**Activity**
Under this line are the records; repeat exactly the lines starting at the one containing "코로나바이러스 세포의 애니메이션이" and ending at the one containing "a sign for a", omitting pictures.

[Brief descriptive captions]

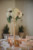 tall gold stand with florals on top for centerpiece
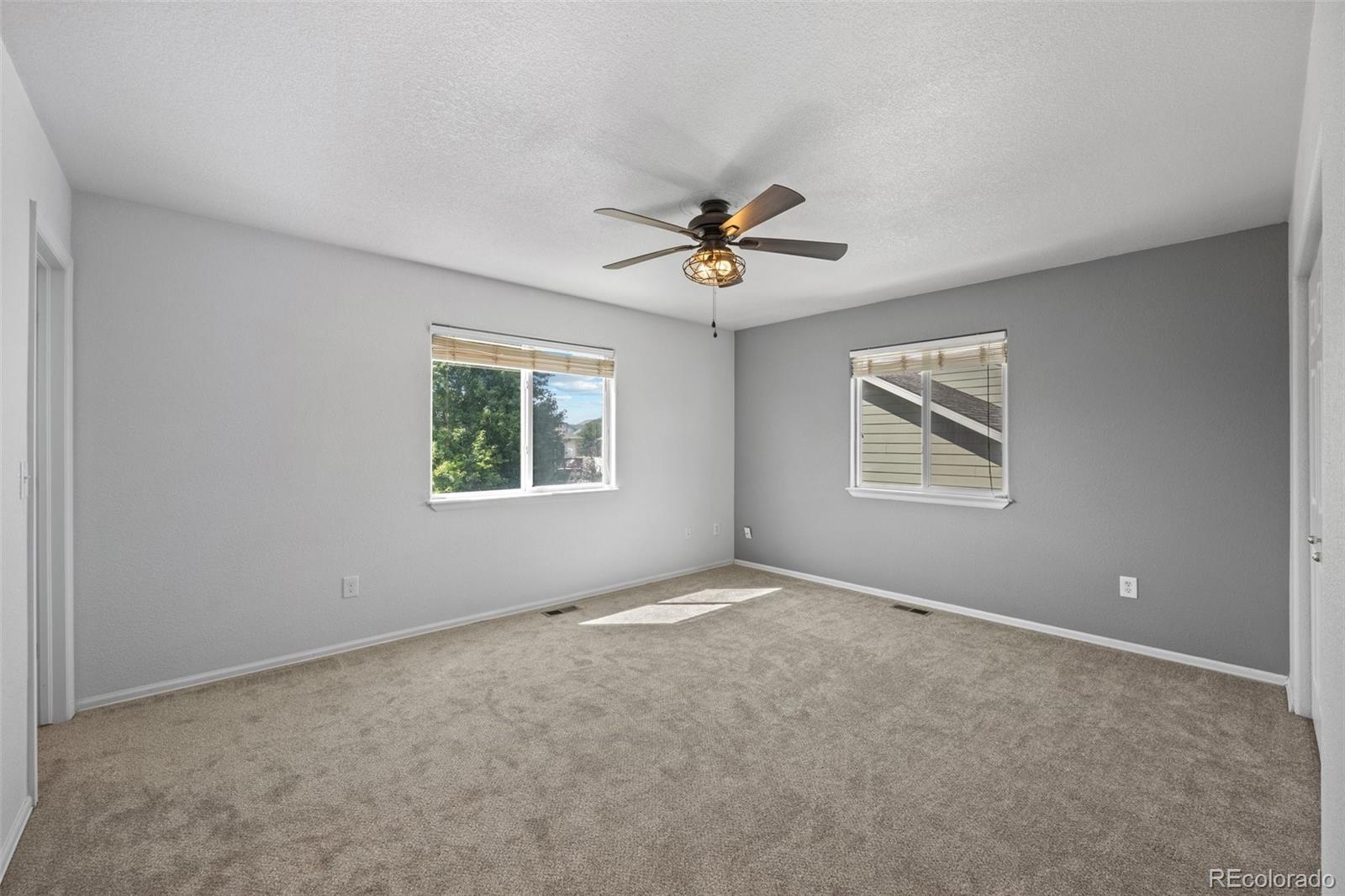 5328 Rustic Avenue Firestone, CO 80504 - Photo 9 of 22 a view of an empty room with a window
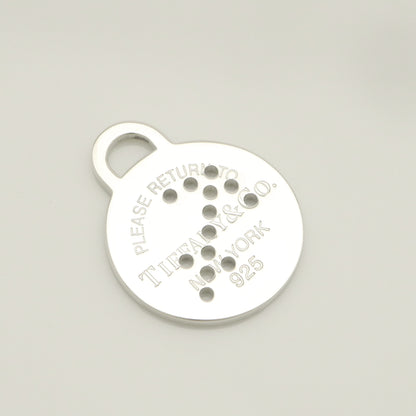 Tiffany & Co. Return to Tiffany Round Tag Arrow Punching Sagittarius Charm, 925 Sterling Silver, 8.20g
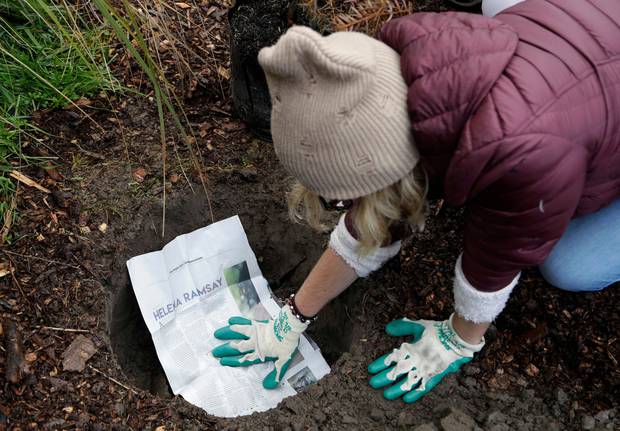 Student Delany Tarr from the Marjory Stoneman Douglas High School in Parkland, Florida, places a student newspaper article in the ground before she plants a tree.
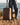 Photographer with camera and crossbody gear strap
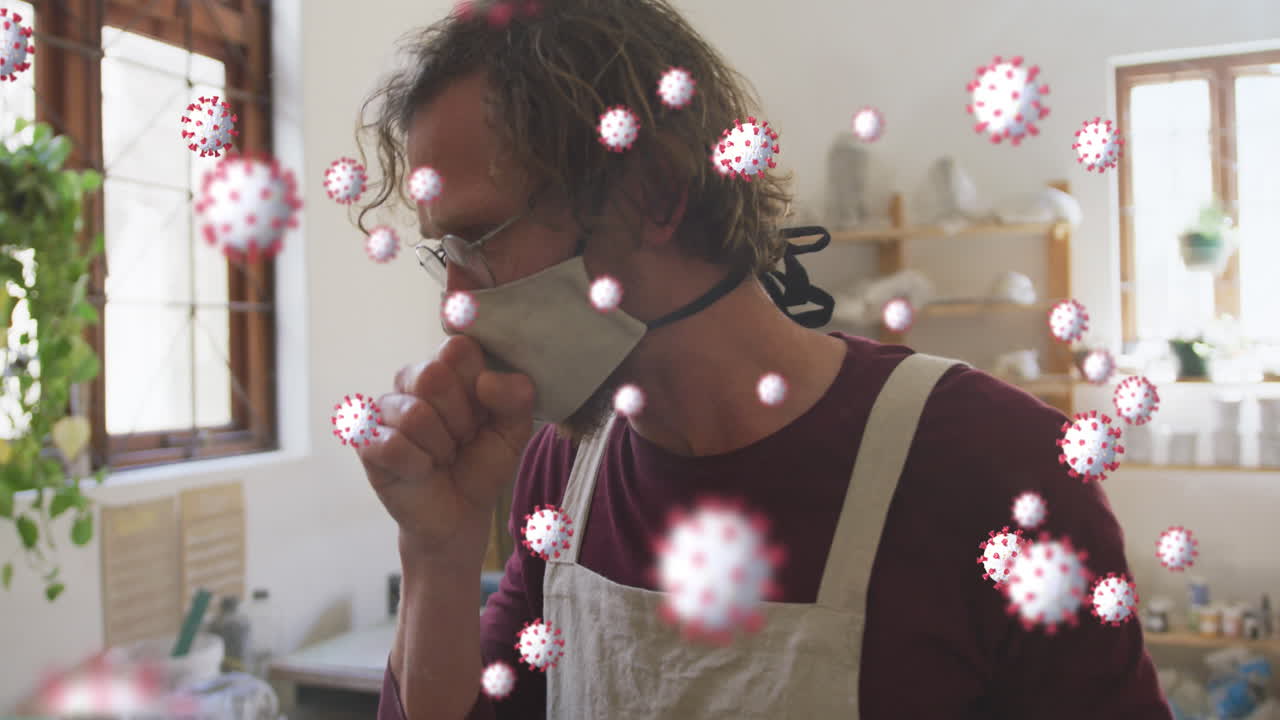 코로나바이러스 세포의 애니메이션이 표면 마스크를 쓴 백인 남자가 도자기 작업장에서 기침을 하고 있다.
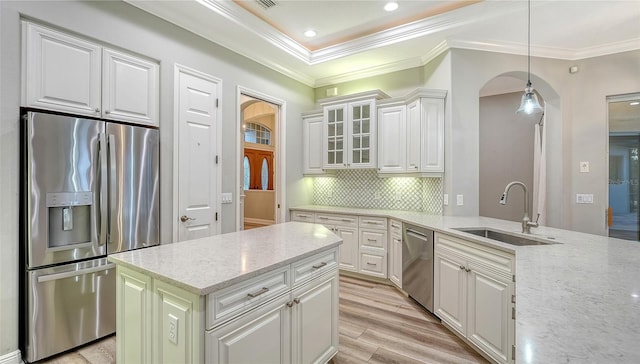 6914 Dominion Ln, Lakewood Ranch, FL 34202 - kitchen with stainless steel appliances, a sink, crown molding, arched walkways, and light stone counters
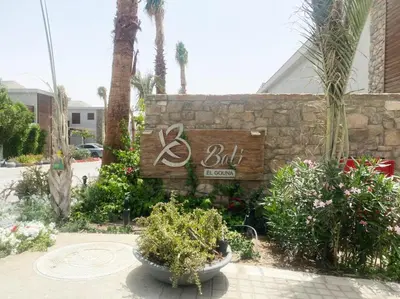 a sign for a but sign on a wall with plants at LuxVilla 1 BHK W Private Heated Pool in Bali El Gouna in Hurghada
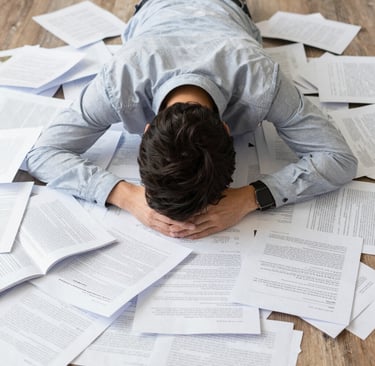 A fustrated entrepreneur burying his face in a mess of spreadsheeets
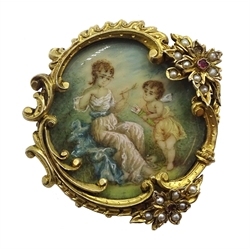 19th century painting on ivory depicting Cupid and maiden, in ornate gilt brooch set with split pearls and garnets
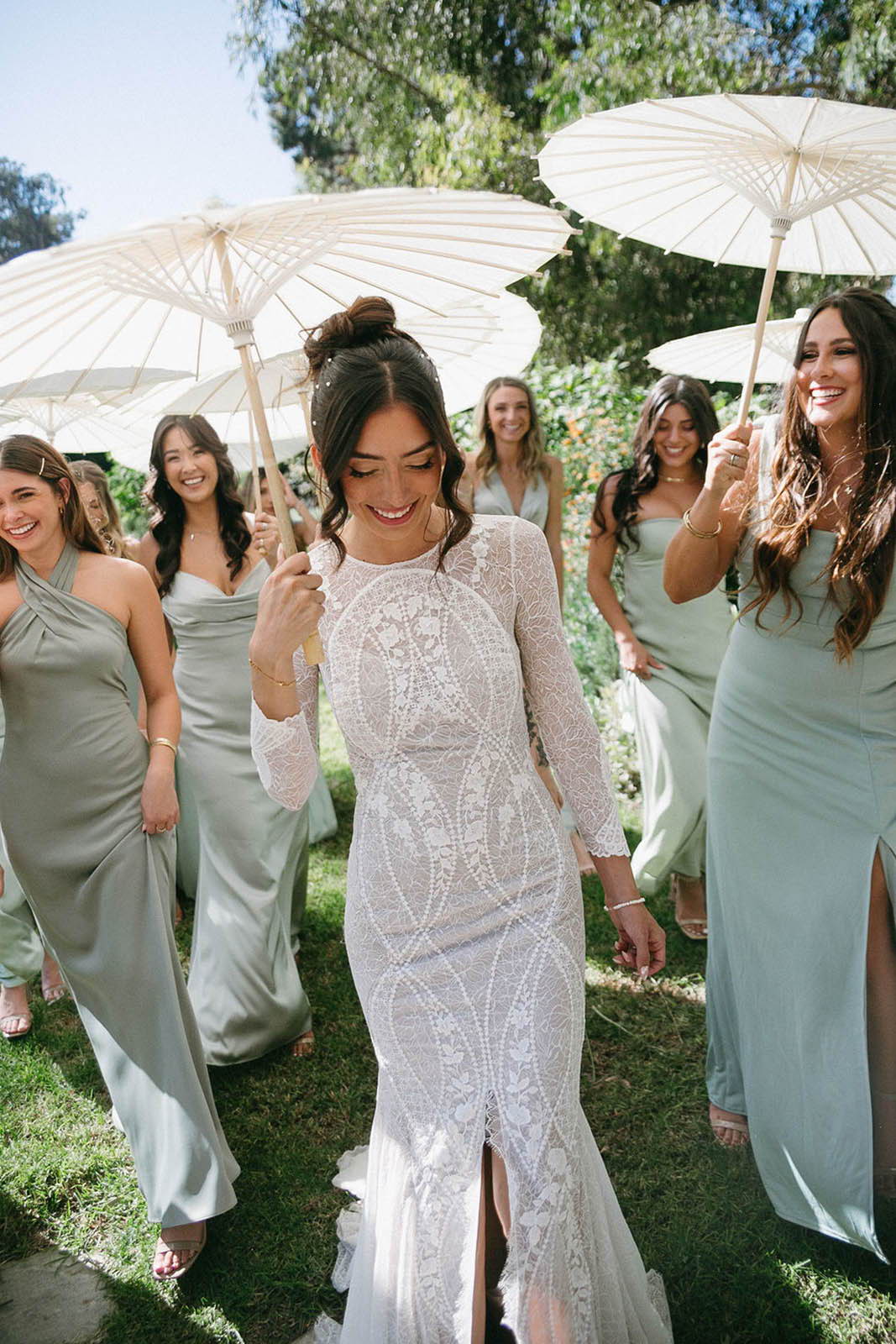 Bride and her bridesmaids dressed in sage green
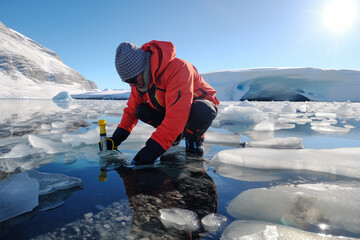 Climate scientist in Arctic gear takes an ice core sample on a melting glacier, with pools of water and retreating ice in the background.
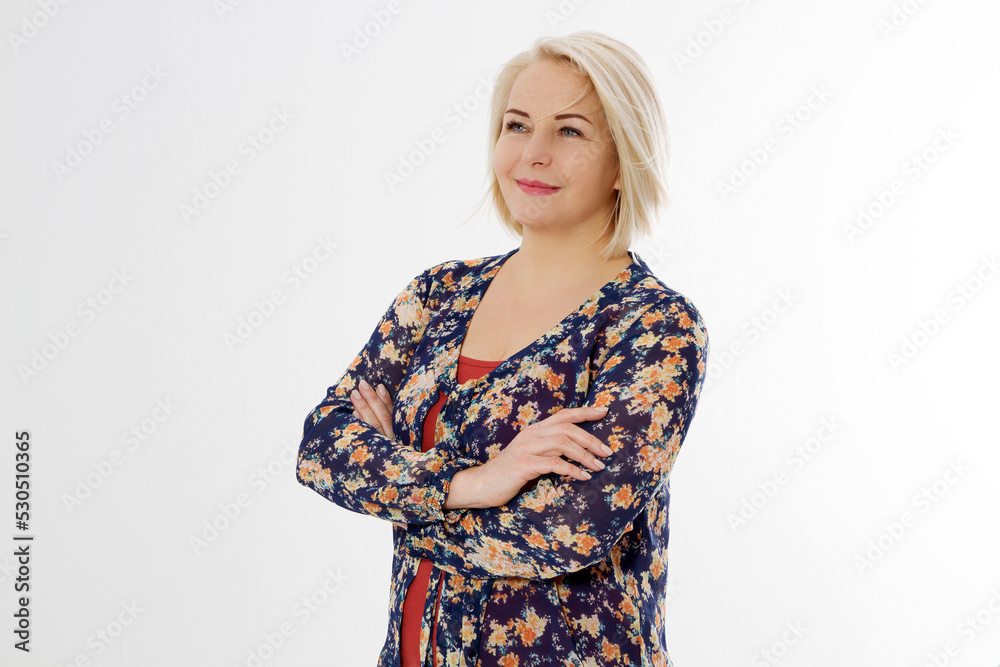 Happy beautiful close up portrait middle age blonde woman. Mid aged healthy female isolated on white background with copy space. Menopause and healthcare. Mature lady wrinkled face. Folded hands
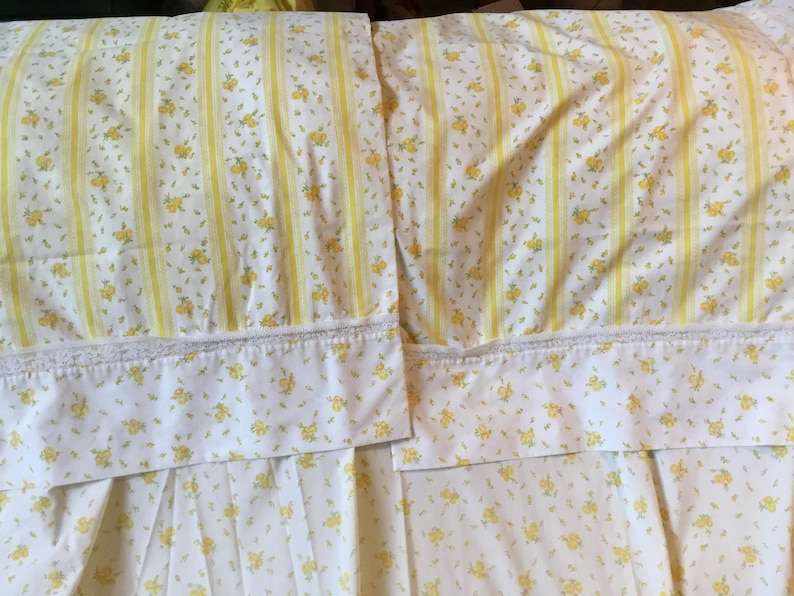 Peut inclure: Deux taies d'oreiller avec un fond blanc, un motif floral jaune et des rayures verticales jaunes. Chaque taie pr&eacute;sente un large ourlet agr&eacute;ment&eacute; d'une d&eacute;licate bordure en dentelle blanche le long de la couture s&eacute;parant l'ourlet du corps.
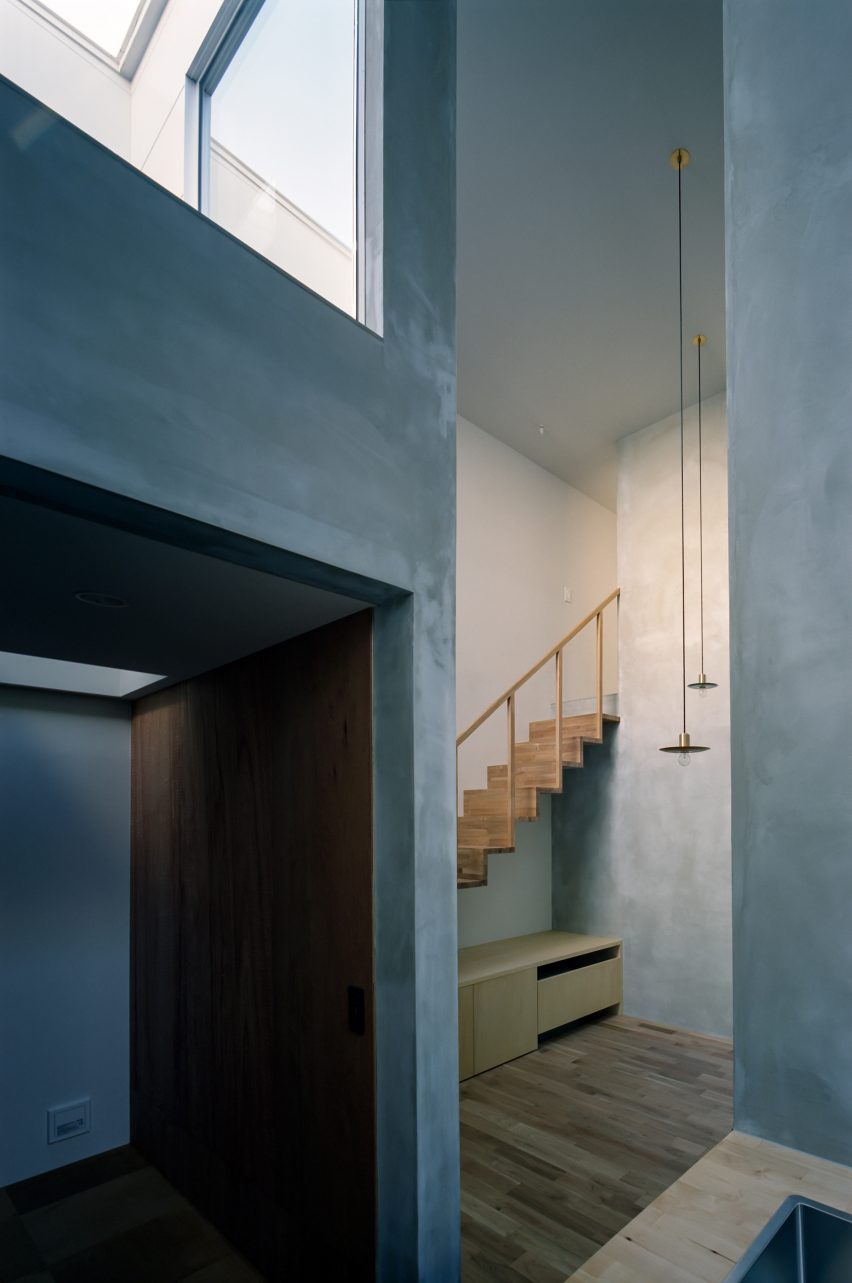 Cement covered walls in house by FujiwaraMuro Architects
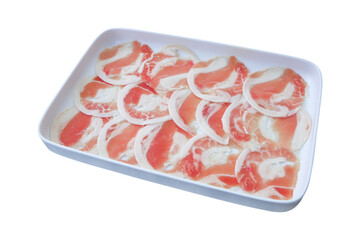 frozen sliced raw pork on white rectangle plate on transparent background.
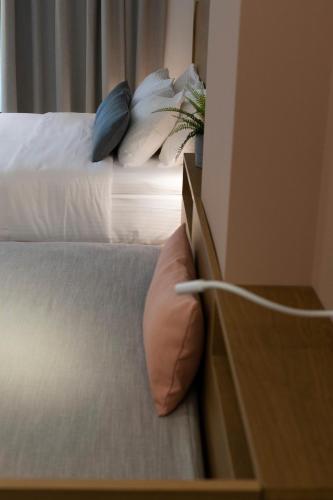 a bedroom with two beds and a dresser with a pillow at Mandraki Village Boutique Hotel in Koukounaries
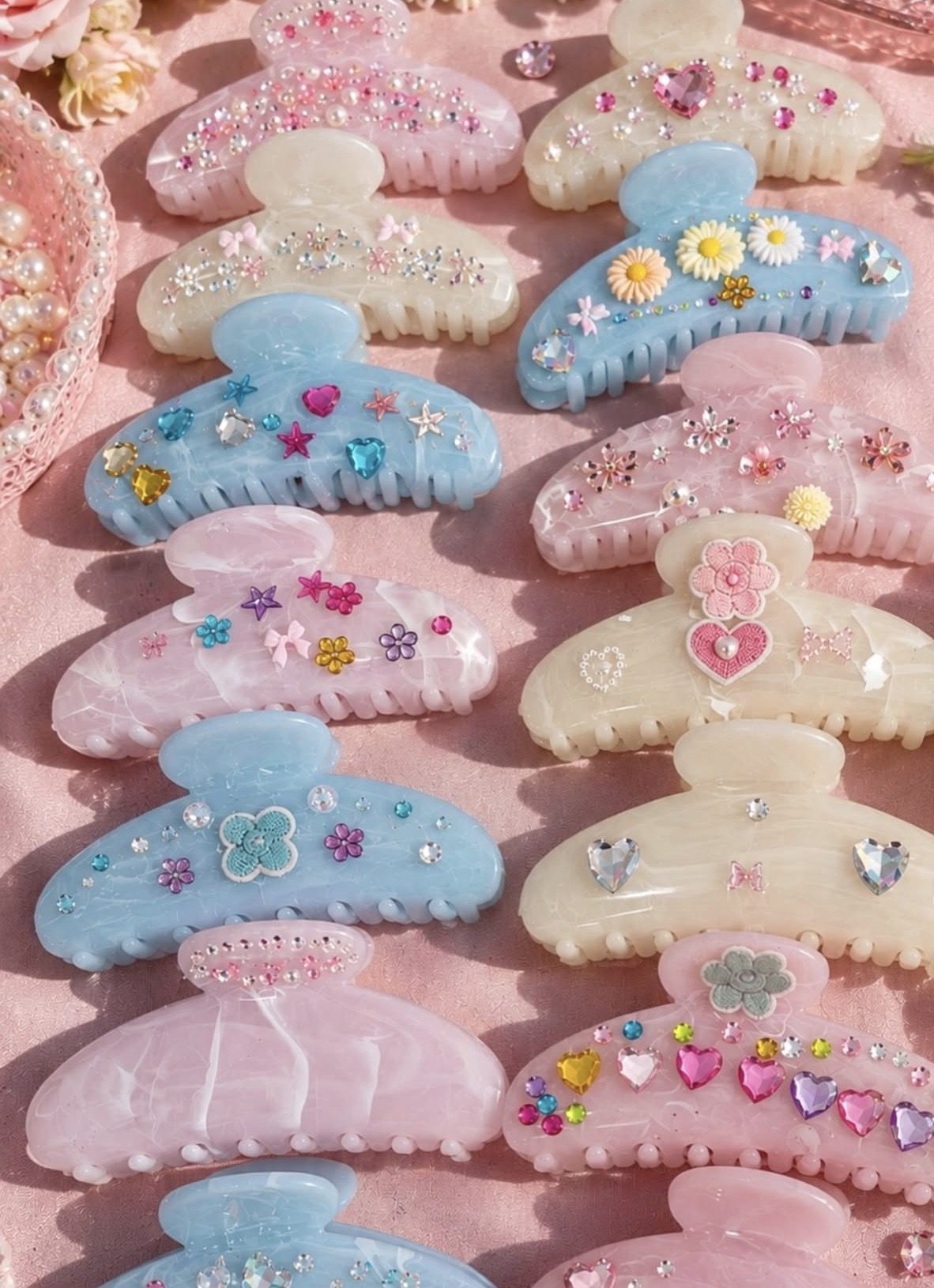 Pastel hair claw clips decorated with gems, daisies and hearts at a craft party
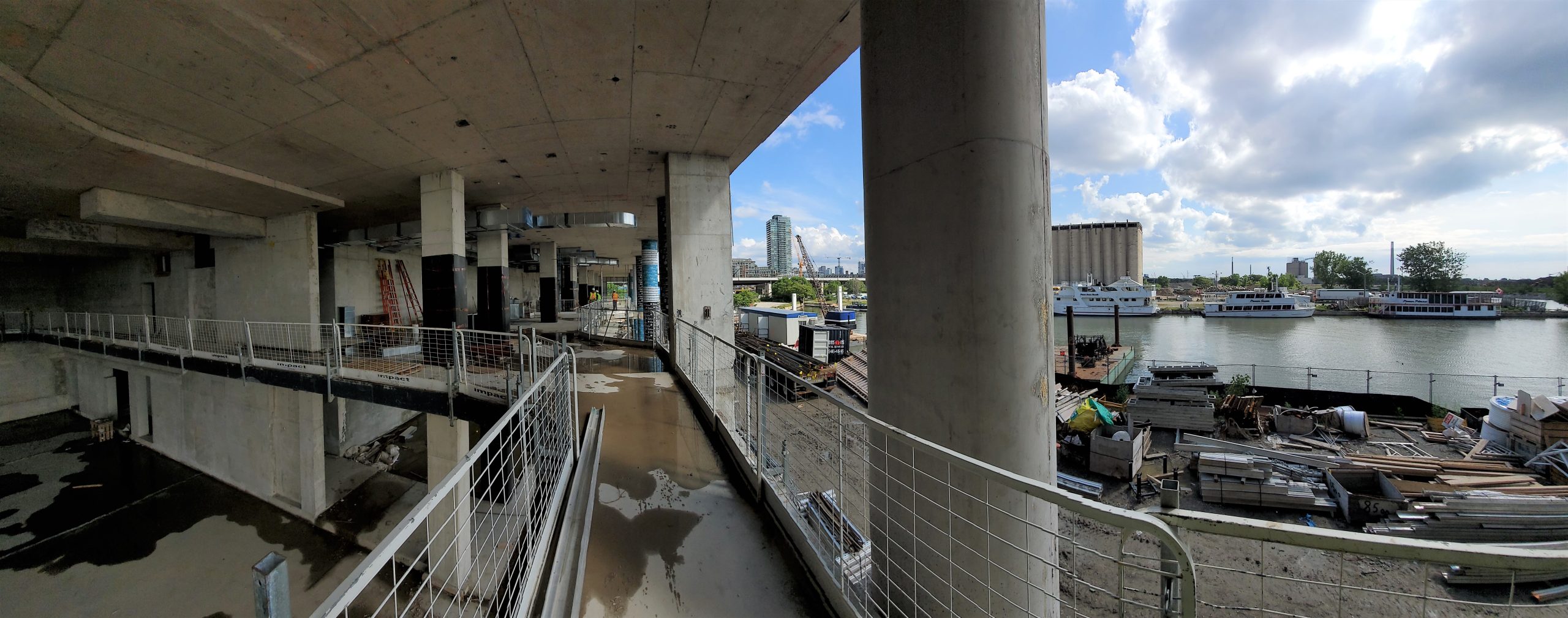 Interior of the new community recreation centre looking north from the walking track in the gym, showing the 2nd floor multi-purpose room and community kitchen at the left side, and the water’s edge promenade below at the right side.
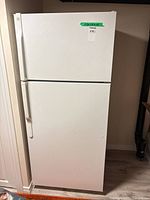 Front view of GE white top-freezer refrigerator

**Expected output**
 코로나바이러스 세포의 애니메이션이 표면 마스크를 쓴 백인 남자가 도자기 작업장에서 기침을 하고 있다.
 6914 Dominion Ln, Lakewood Ranch, FL 34202 - kitchen with stainless steel appliances, a sink, crown molding, arched walkways, and light stone counters
 a sign for a but sign on a wall with plants at LuxVilla 1 BHK W Private Heated Pool in Bali El Gouna in Hurghada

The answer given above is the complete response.